To all licensees of radio programming undertakings


Practices regarding radio non-compliance


Each year, the Commission processes numerous licence renewal applications, including those relating to radio stations. This circular clarifies how the Commission deals with the licence renewals of radio stations that have been found in apparent non-compliance with the provisions of the Broadcasting Act, the Radio Regulations, 1986 or the conditions of their licence.


The Commission assesses the compliance of radio licensees with requirements set out in the Broadcasting Act (the Act), the Radio Regulations, 1986 (the regulations) and in conditions of licence through the complaints process or on its own initiative pursuant to its compliance monitoring plan. The compliance record of each station during a licence period is usually reviewed at the time that the Commission considers the renewal of the station's licence. When a station is found to be operating in compliance, the Commission normally renews the licence for a term of seven years, subject to its regional licence renewal plan and considerations related to its workload.
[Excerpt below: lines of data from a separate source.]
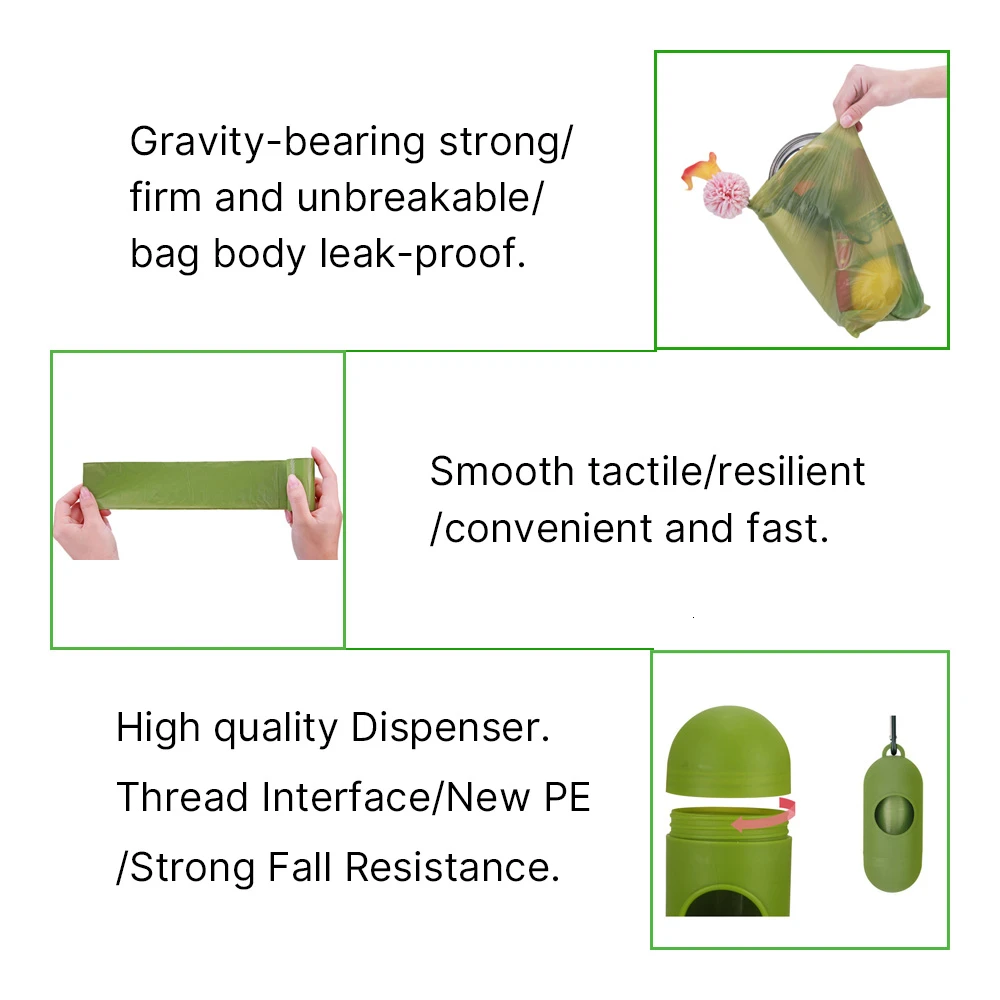 Dispensador de bolsas de basura para perros, portador de residuos verde y negro, accesorio de suministro para mascotas, herramientas pequeñas para perros y gatos, soporte para bolsas de excrementos - imagen 5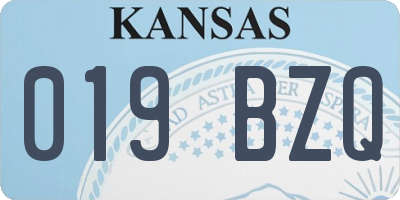 KS license plate 019BZQ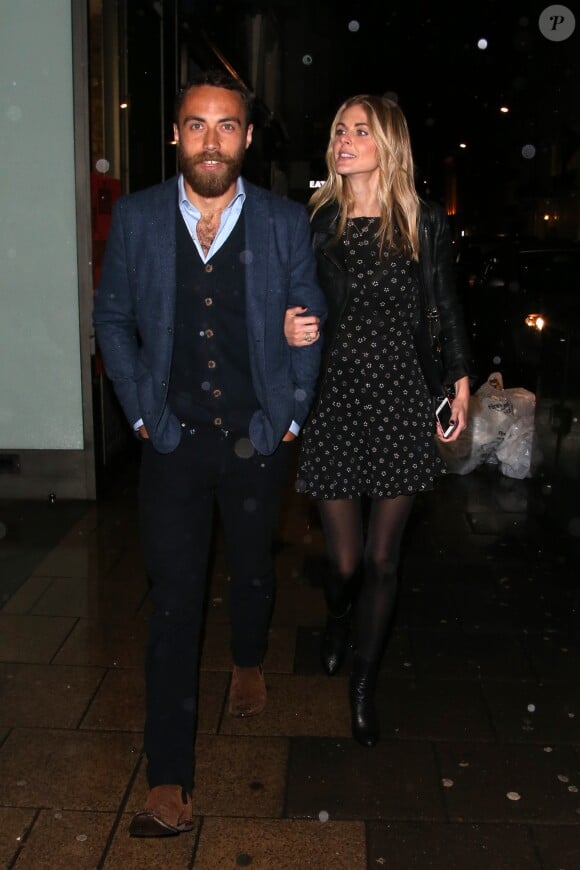 Exclusif - James Middleton et Donna Air quittent The Arts Club dans le quartier de Mayfair à Londres, le 8 février 2014.
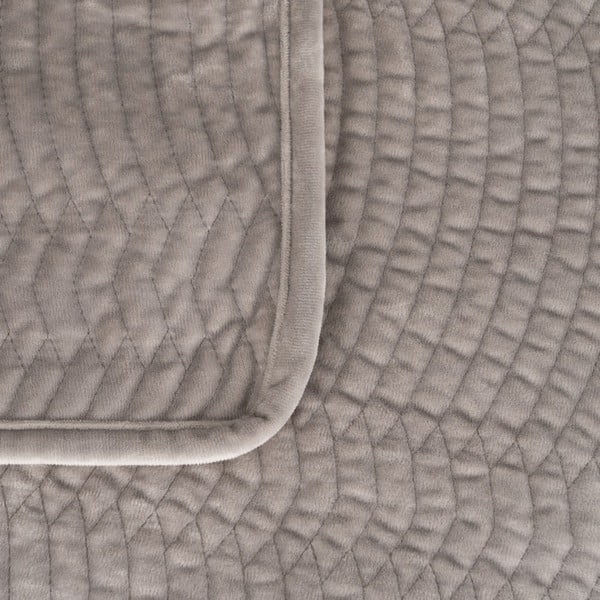 Sivý zamatový prešívaný pléd 180x260 cm – Ixia-image-1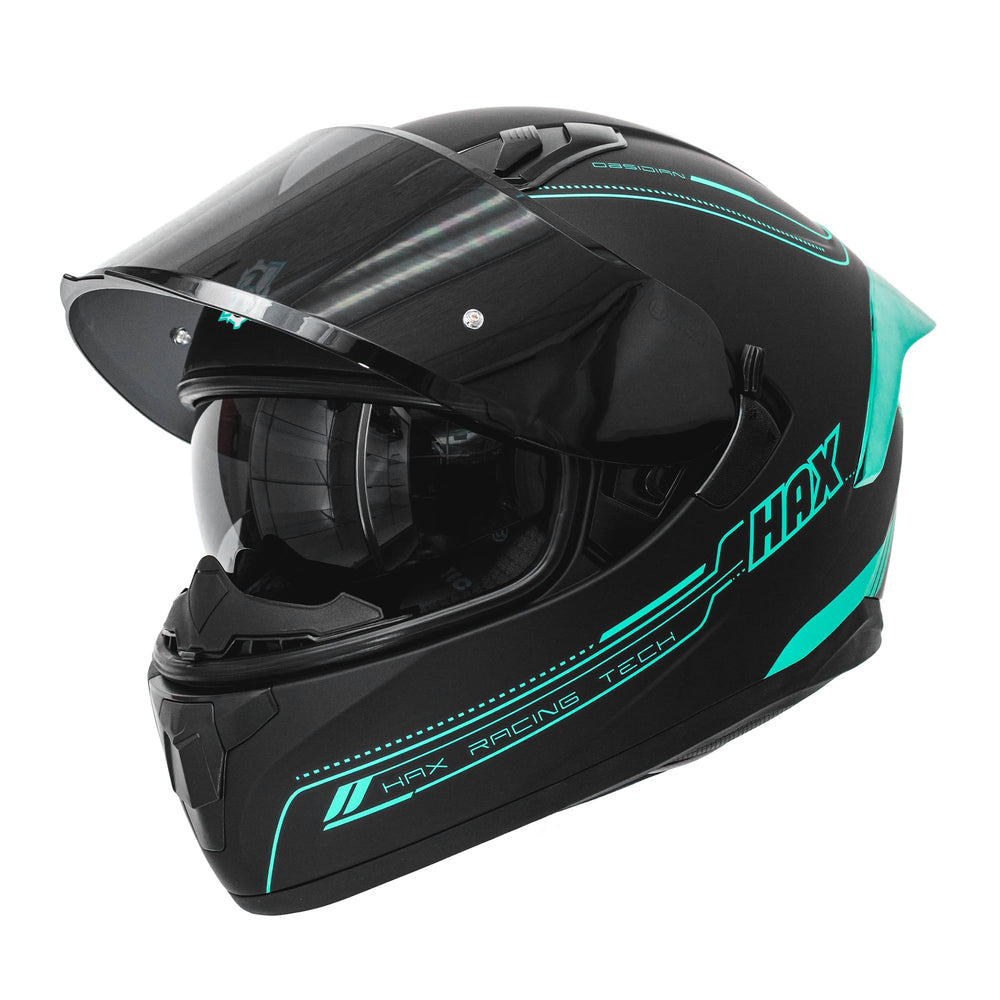 HAX Obsidian inner sun visor in use, reducing glare and eye strain.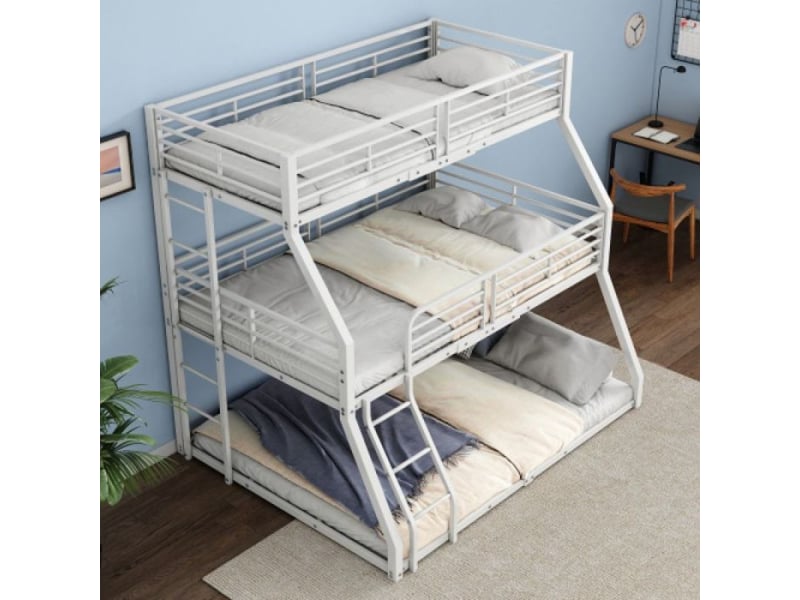  Lit superposé 3 etage avec rangement cadre métallique en fer 90×200 cm, 120×200 cm et 140×200 cm, lit triple pour enfants et  - Conforama C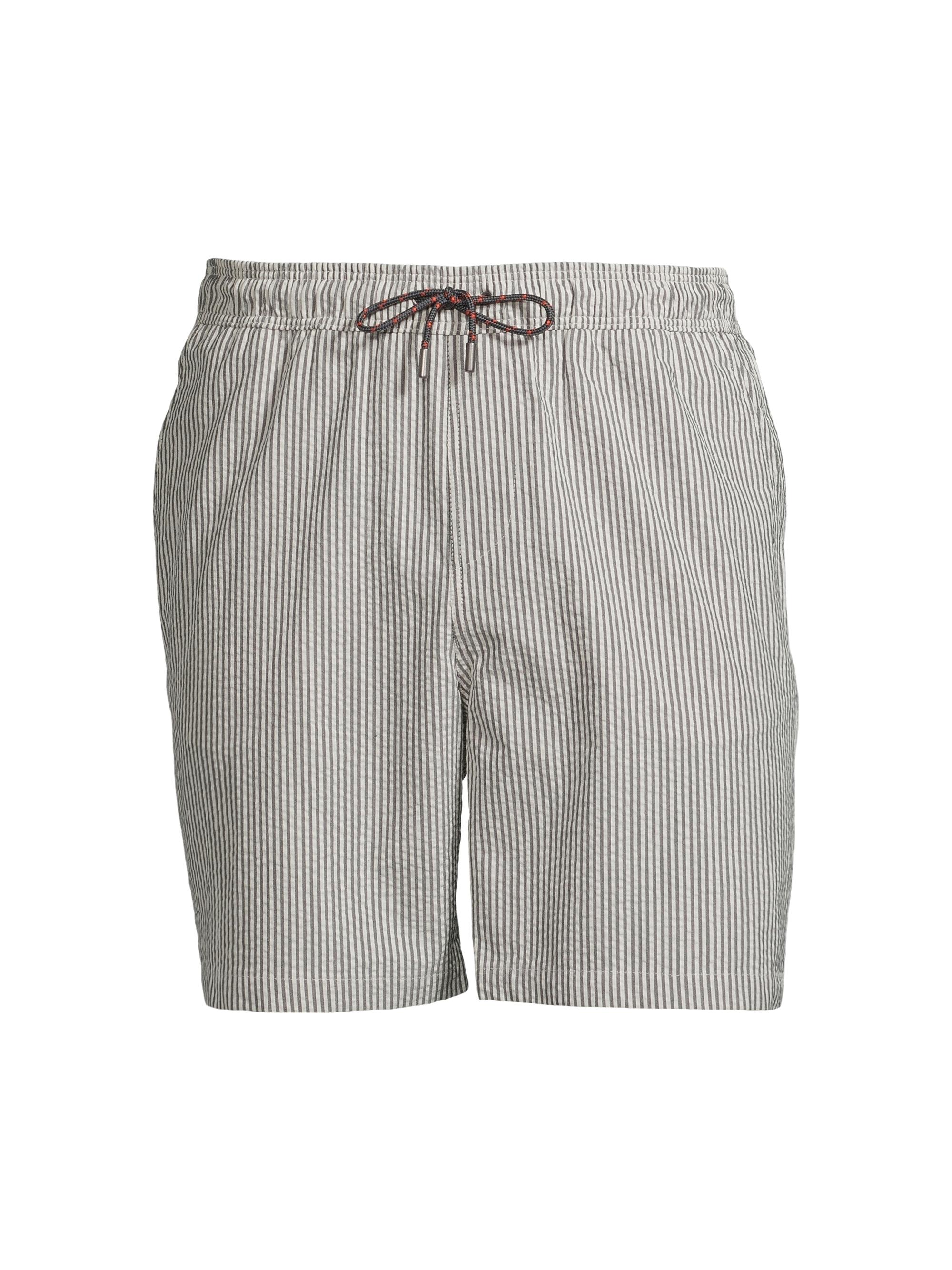 Sease Men's Stripe Cotton Seersucker Shorts - Pearl Grey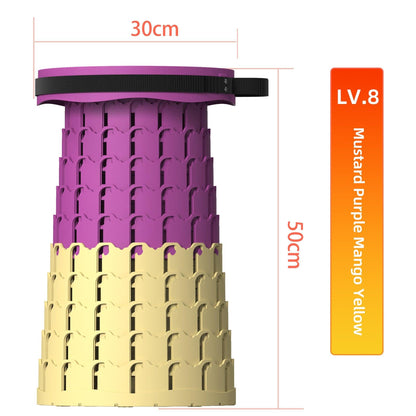 Portable Retractable Stool MAX Gen 8 Telescopic Camping Seat 50cm Tall Extra Wide Heavy Duty Mustard Purple & Mango Yellow for Camping & Festivals.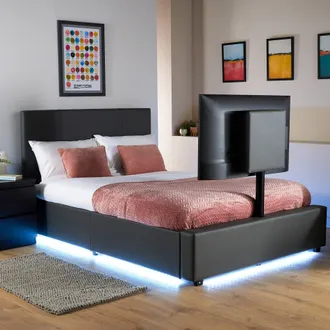 X Rocker AVA Upholstered TV Bed with Underbed Storage & LED Lights in Grey | Size: Single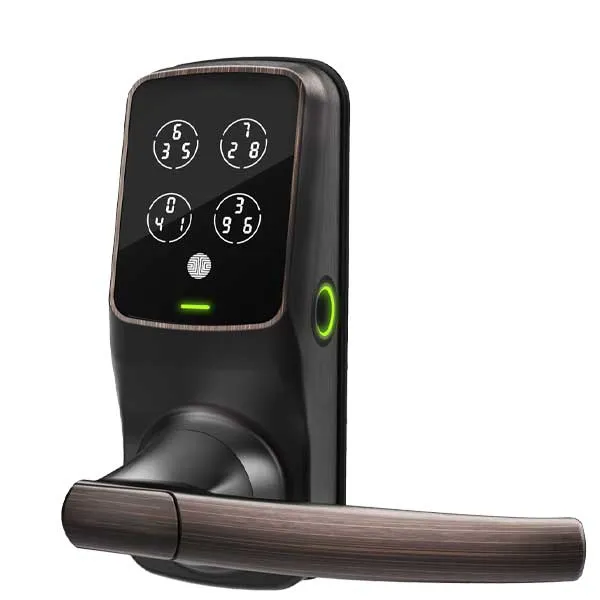 Lockly - PGD628WVB - Secure PRO Wi-Fi - Bluetooth App Controlled - Fingerprint Biometric Electronic Latch Lever Set - Includes Wi-Fi Hub - Venetian Bronze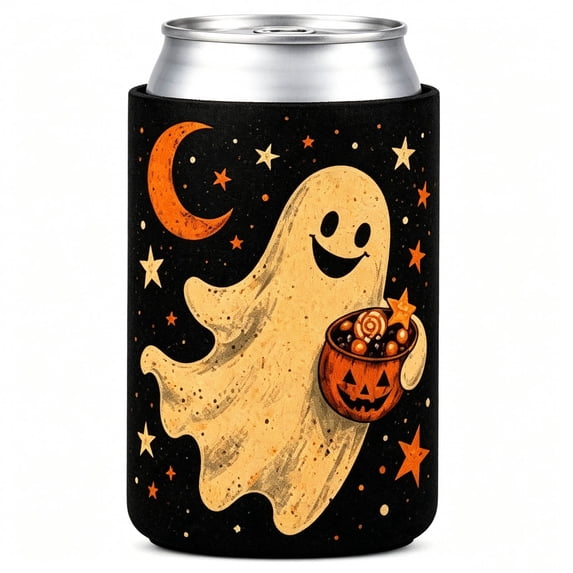 1 Pack Halloween Neoprene Can Cooler Sleeve,Reusable 12oz Standard Insulated Soda Can Covers,Candy Bucket Ghost Fall Decor Print Drink Cozy for Halloween Party Decorations Picnic Movie Night Supplies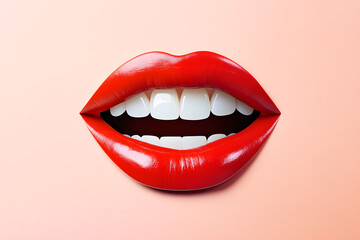 Close up red lips smiling mouth collage element isolated on white background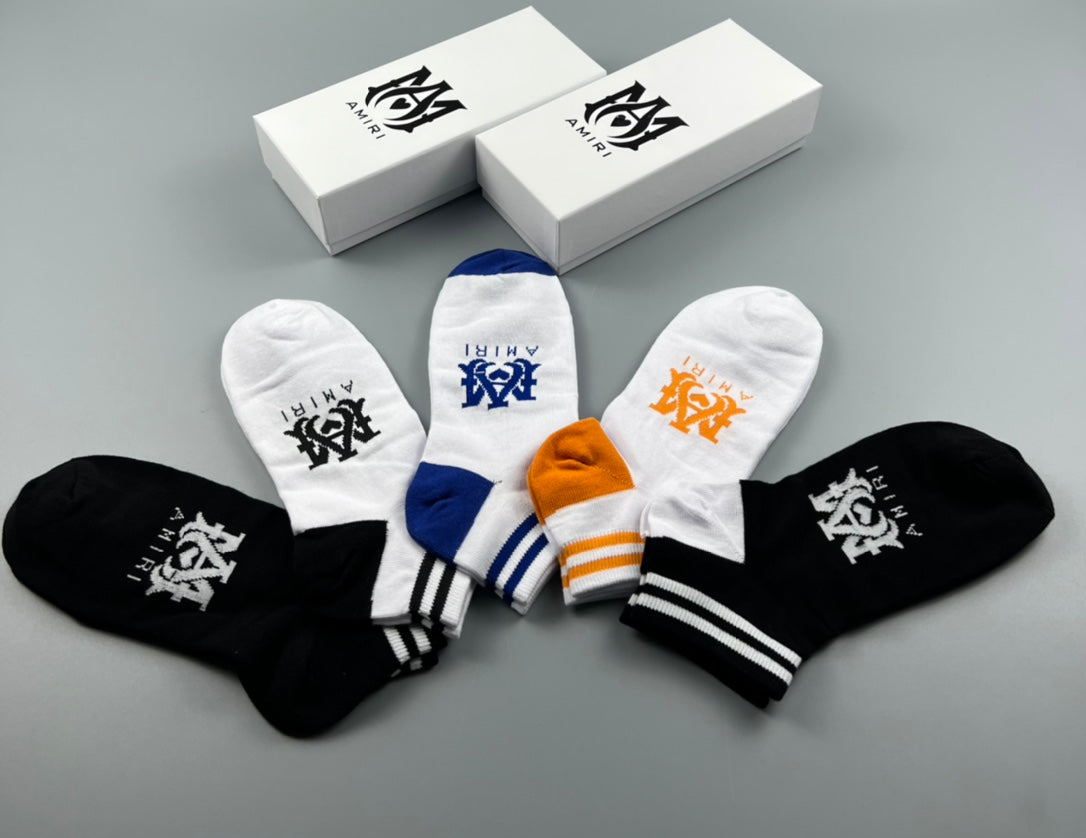 Fendi Black White Blue Orange Small Emblems Ankle Socks, image 4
Non-compliance most often occurs with respect to requirements regarding logger tapes, the level of Canadian music broadcast and, for French-language stations, the level of French-language vocal music selections. Requirements related to logger tapes are set out in sections 8(5) and 8(6) of the regulations, while those related to levels of Canadian and French-language vocal selections are found within section 2. Stations can, however, be in non-compliance with other requirements.


When analyses of stations are performed, the Commission affords each the opportunity to comment in writing on the preliminary results. When apparent non-compliance is observed for the first time in relation to a station, the Commission notes that observation in the Public Notice that calls for public comment on the renewal of the licence. Since the licensee has been given an opportunity to comment on the findings of apparent non-compliance through correspondence and to specify the measures that will be put into place to ensure future compliance, the licensee is usually not asked to appear at a public hearing. The station normally is granted a short-term licence renewal, generally for four years, to permit a further review of its compliance within a reasonable period of time.


The procedure is different where a licensee is already operating under a short-term renewal due to non-compliance during the previous licence term and is found to be in apparent non-compliance during the current licence term, or where a licensee is found in apparent non-compliance twice during a full licence term. In these situations, the Notice of Public Hearing calling for public comment on the renewal of the licence mentions the nature of the non-compliance and generally specifies that the licensee is expected to show cause why a mandatory order should not be issued pursuant to section 12(2) of the Act. As well, the licensee is generally called to appear at a public hearing to discuss the problem.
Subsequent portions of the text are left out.